-- WORK TO BE COMPLETED --
Leave the pictures out and print, word for word, the lines below from the one with "Mucha fuerza para toda la familia. 🖤" through the final line.

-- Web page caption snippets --
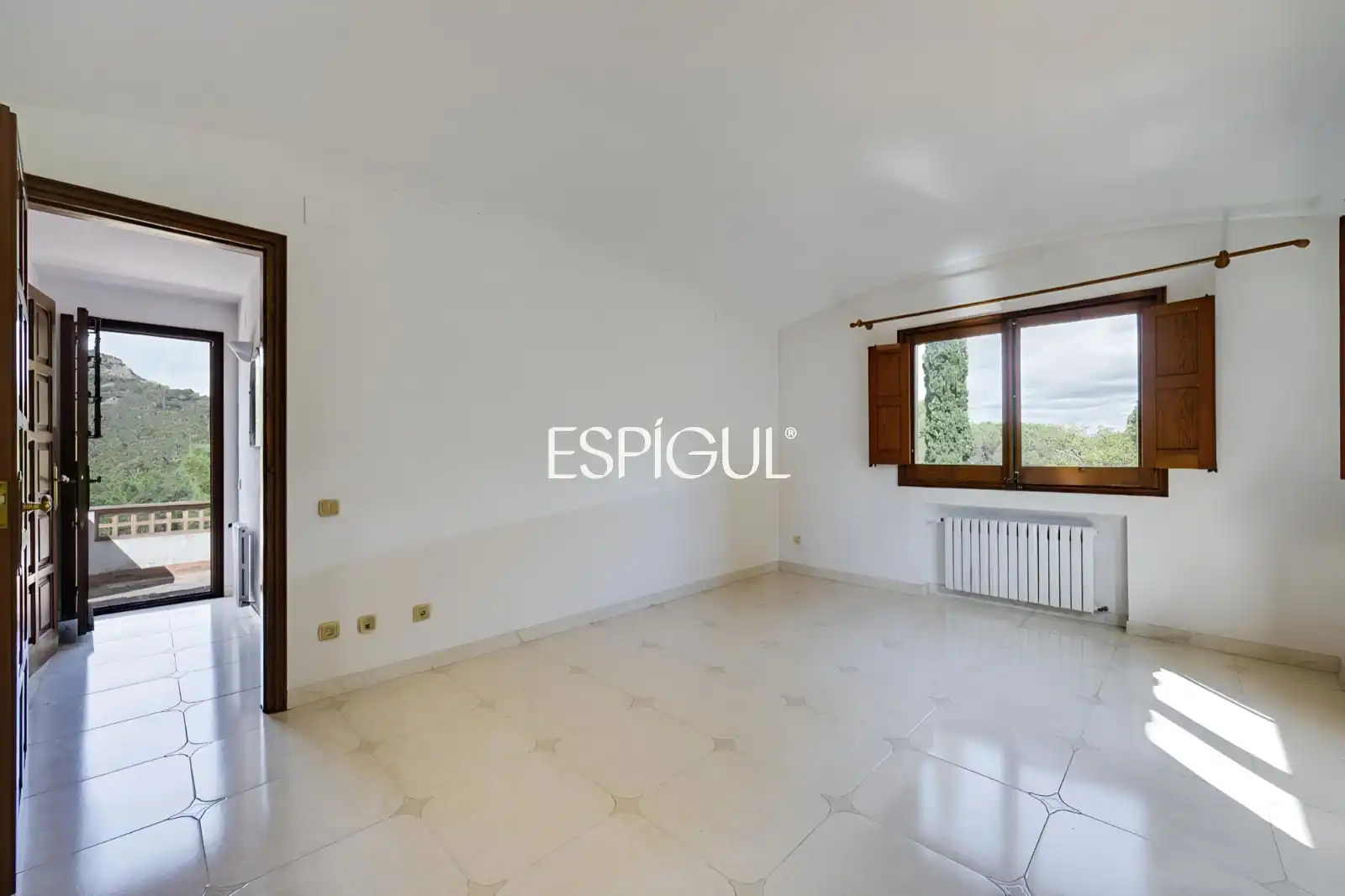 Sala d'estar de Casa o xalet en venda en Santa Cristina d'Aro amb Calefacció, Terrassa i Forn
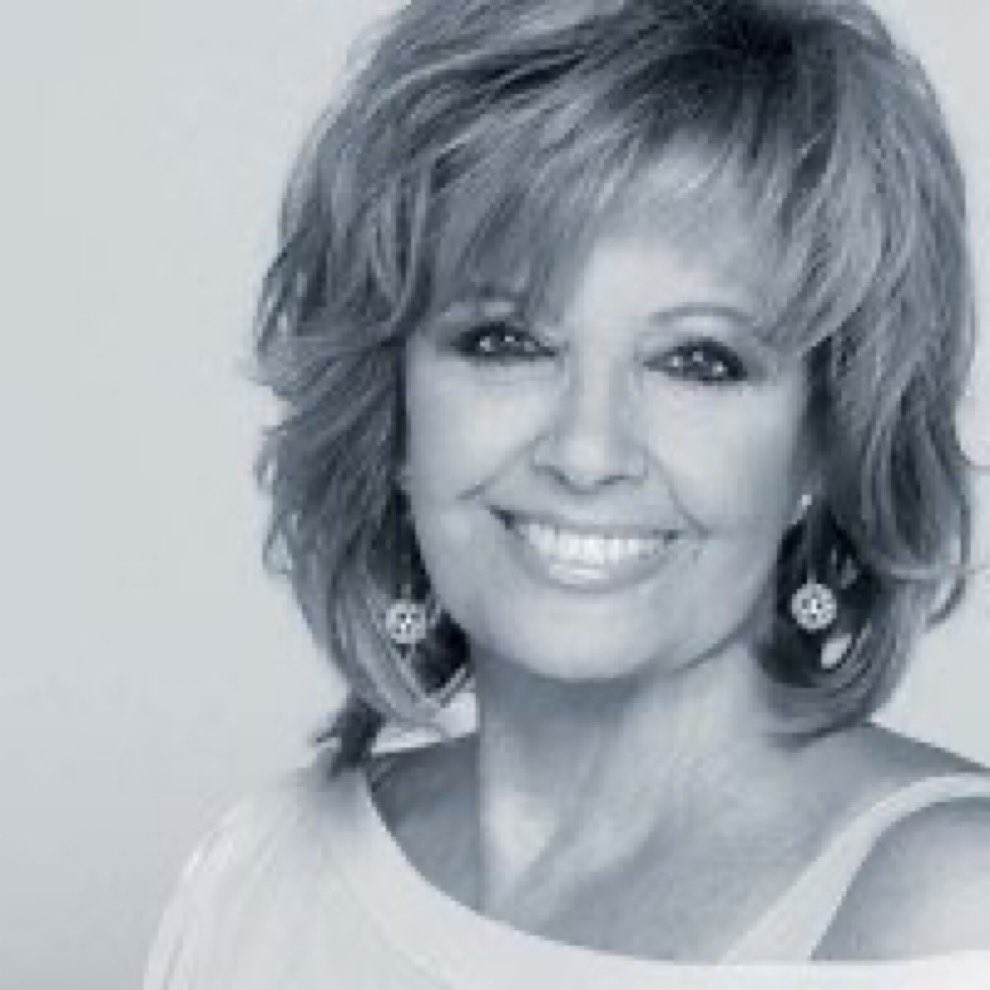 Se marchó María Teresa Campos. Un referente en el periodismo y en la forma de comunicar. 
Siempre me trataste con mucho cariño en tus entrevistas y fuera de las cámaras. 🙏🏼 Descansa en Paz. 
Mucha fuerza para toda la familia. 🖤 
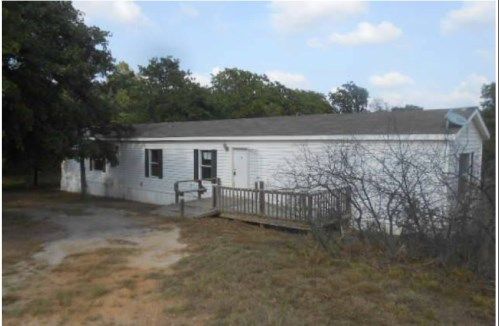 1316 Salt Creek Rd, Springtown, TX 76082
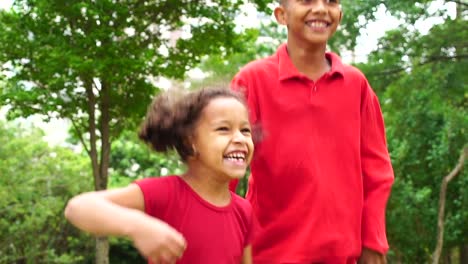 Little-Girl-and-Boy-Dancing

-- REPLY --
Mucha fuerza para toda la familia. 🖤 
 1316 Salt Creek Rd, Springtown, TX 76082
 Little-Girl-and-Boy-Dancing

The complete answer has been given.